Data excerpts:

========

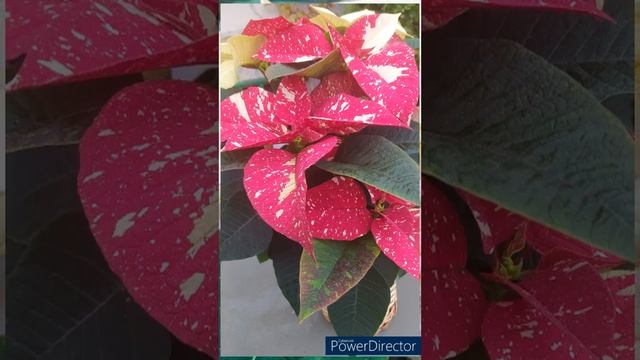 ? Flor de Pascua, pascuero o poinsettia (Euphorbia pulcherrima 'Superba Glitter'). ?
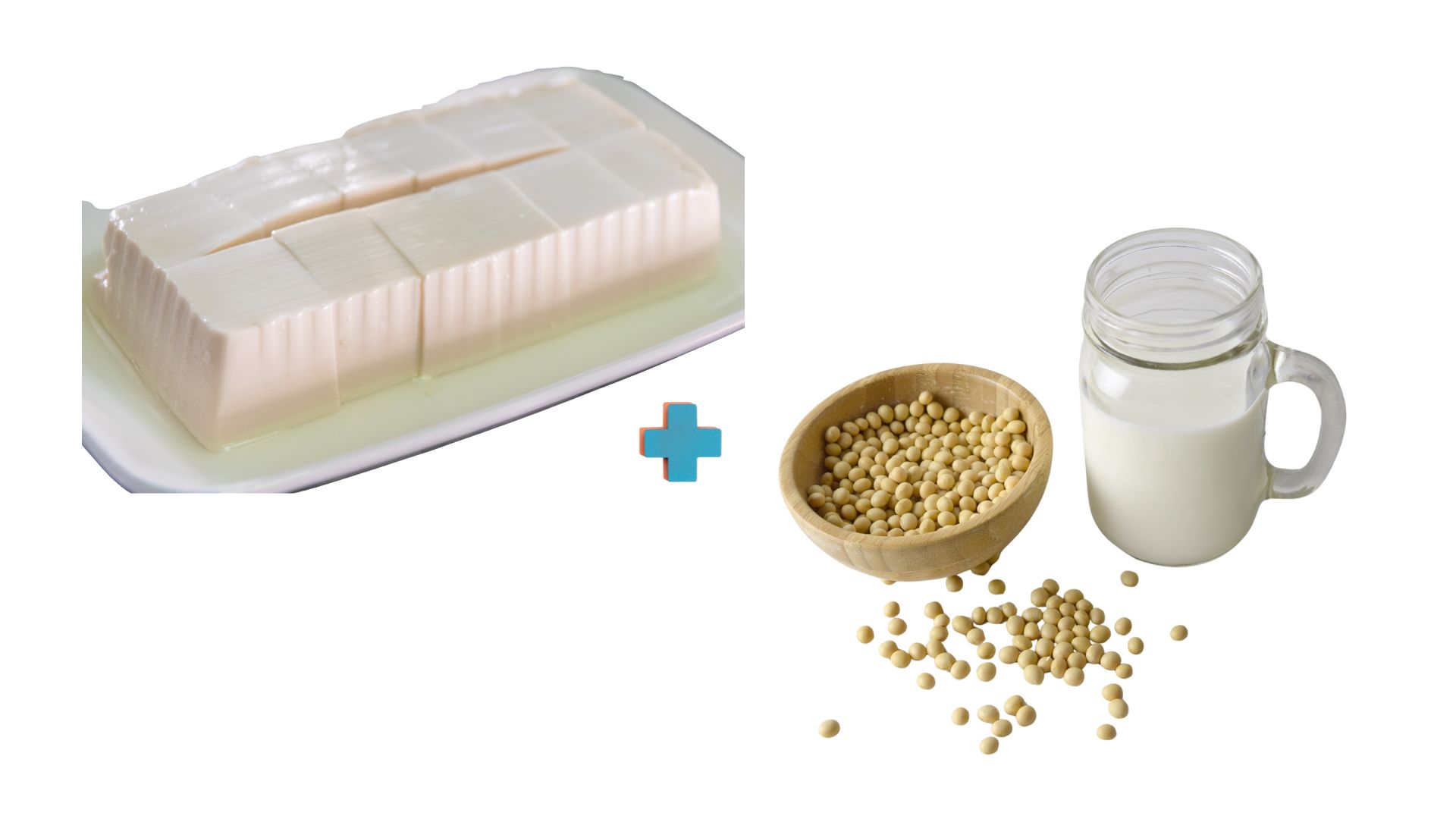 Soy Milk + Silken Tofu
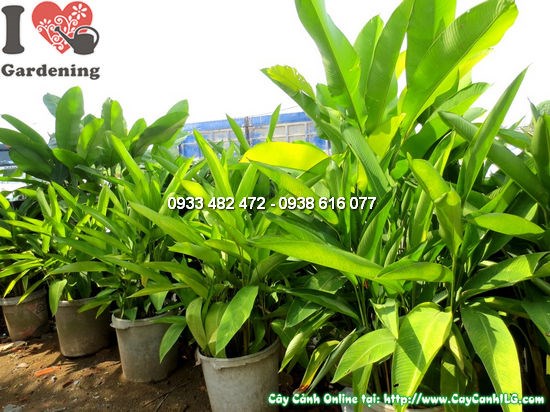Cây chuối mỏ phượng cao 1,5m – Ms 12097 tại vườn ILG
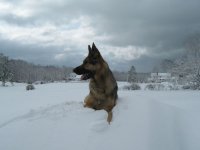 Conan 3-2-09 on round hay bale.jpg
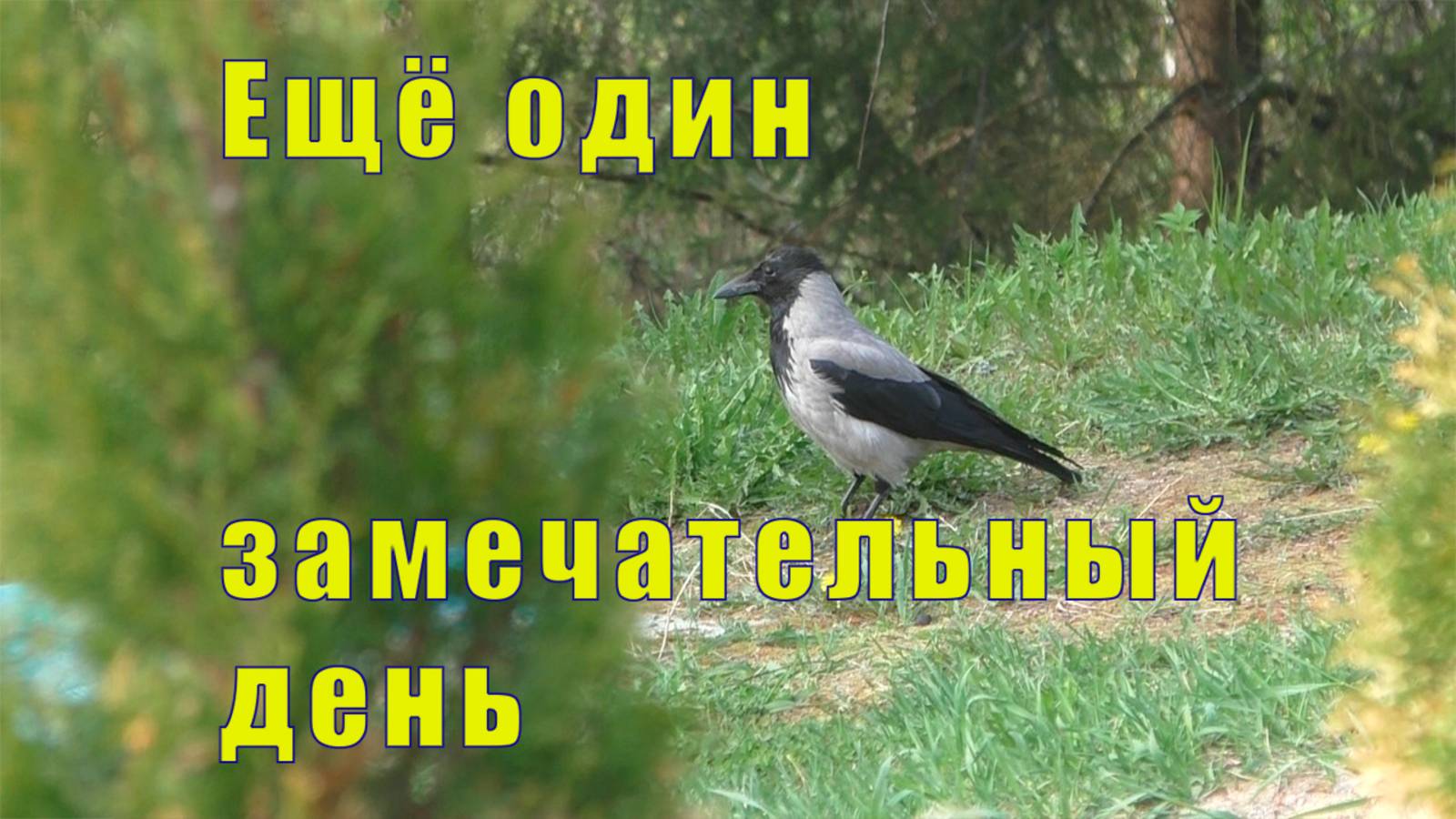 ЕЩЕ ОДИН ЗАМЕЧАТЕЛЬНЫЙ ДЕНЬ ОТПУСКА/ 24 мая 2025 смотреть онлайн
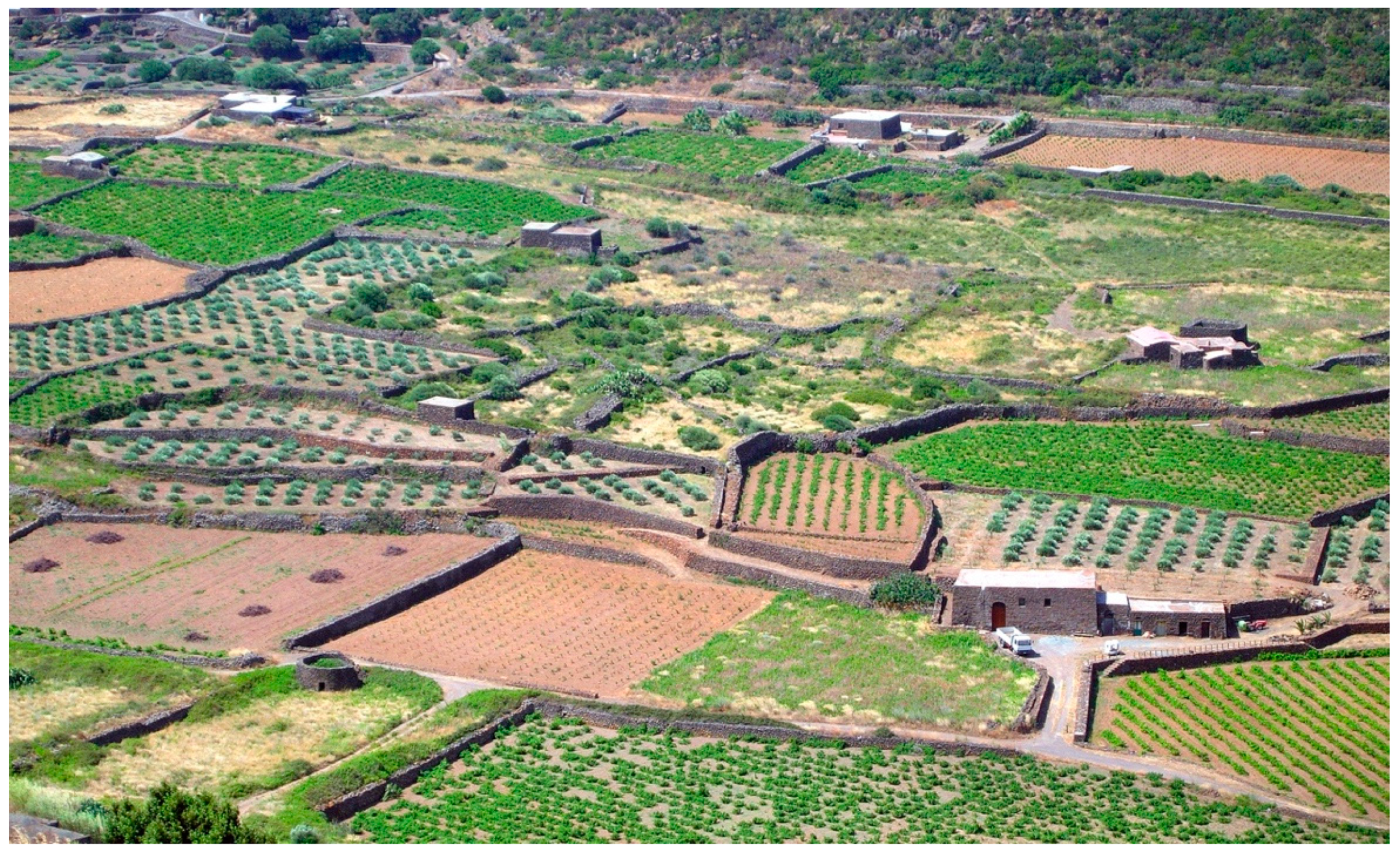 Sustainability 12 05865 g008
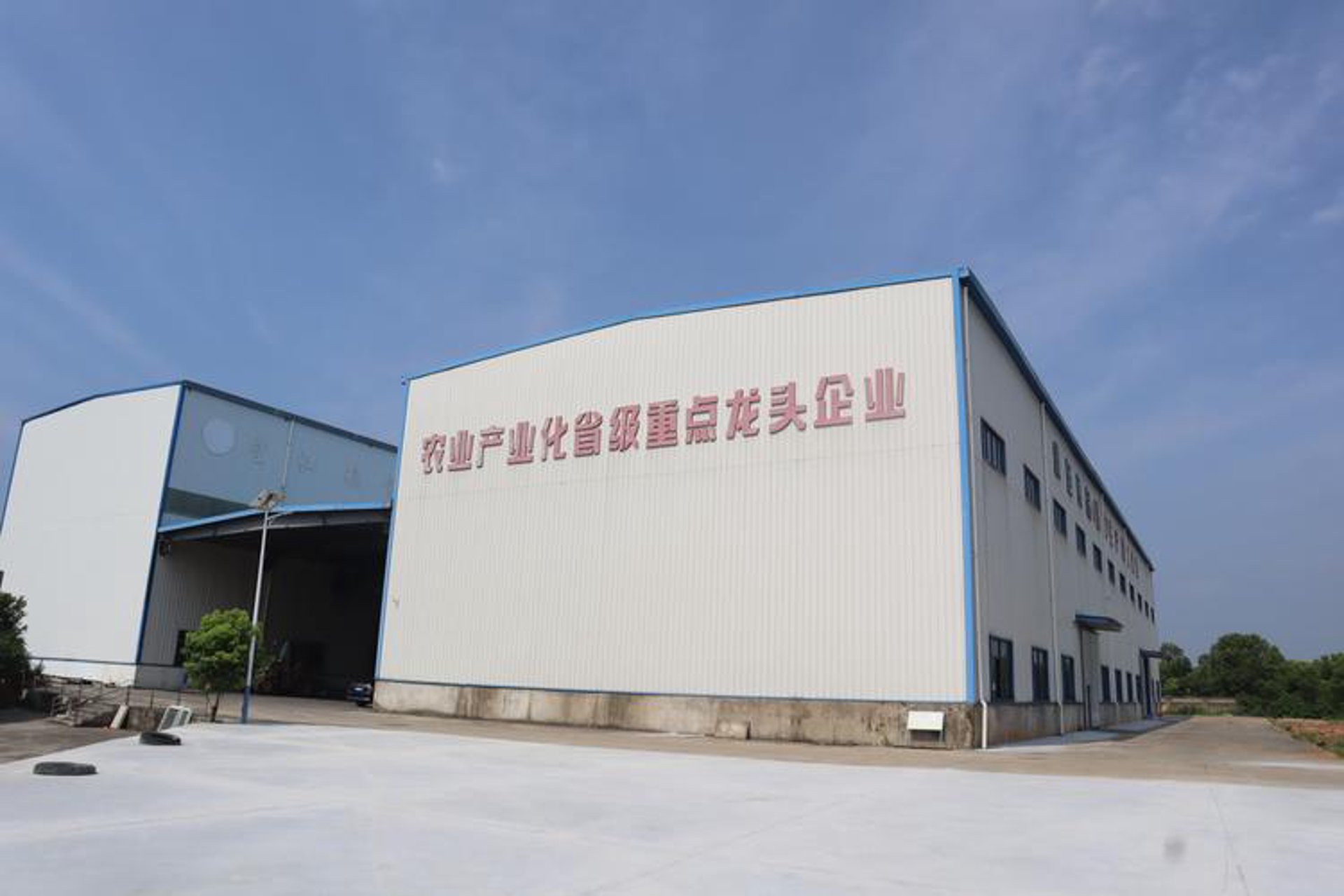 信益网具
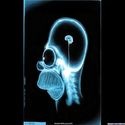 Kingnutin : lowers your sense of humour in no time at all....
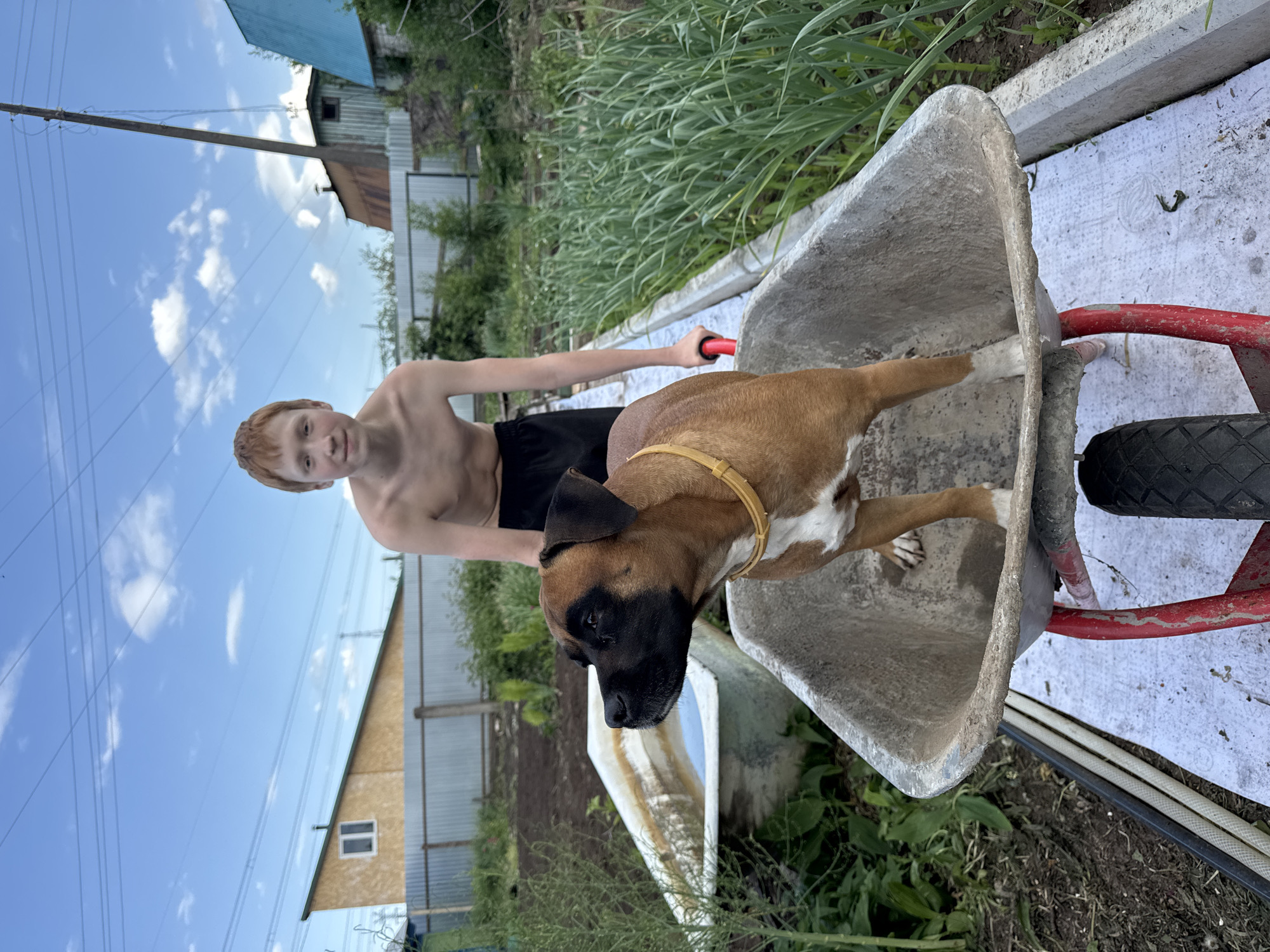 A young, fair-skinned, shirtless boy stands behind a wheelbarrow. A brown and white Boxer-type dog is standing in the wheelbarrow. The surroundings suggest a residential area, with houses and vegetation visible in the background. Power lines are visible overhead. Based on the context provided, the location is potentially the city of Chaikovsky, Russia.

========

Nothing but the lines above, starting at the line that contains "Cây chuối mỏ" and ending at the line that contains "Kingnutin : lowers", should be given again, exactly and without the pictures.

Cây chuối mỏ phượng cao 1,5m – Ms 12097 tại vườn ILG
 Conan 3-2-09 on round hay bale.jpg
 ЕЩЕ ОДИН ЗАМЕЧАТЕЛЬНЫЙ ДЕНЬ ОТПУСКА/ 24 мая 2025 смотреть онлайн
 Sustainability 12 05865 g008
 信益网具
 Kingnutin : lowers your sense of humour in no time at all....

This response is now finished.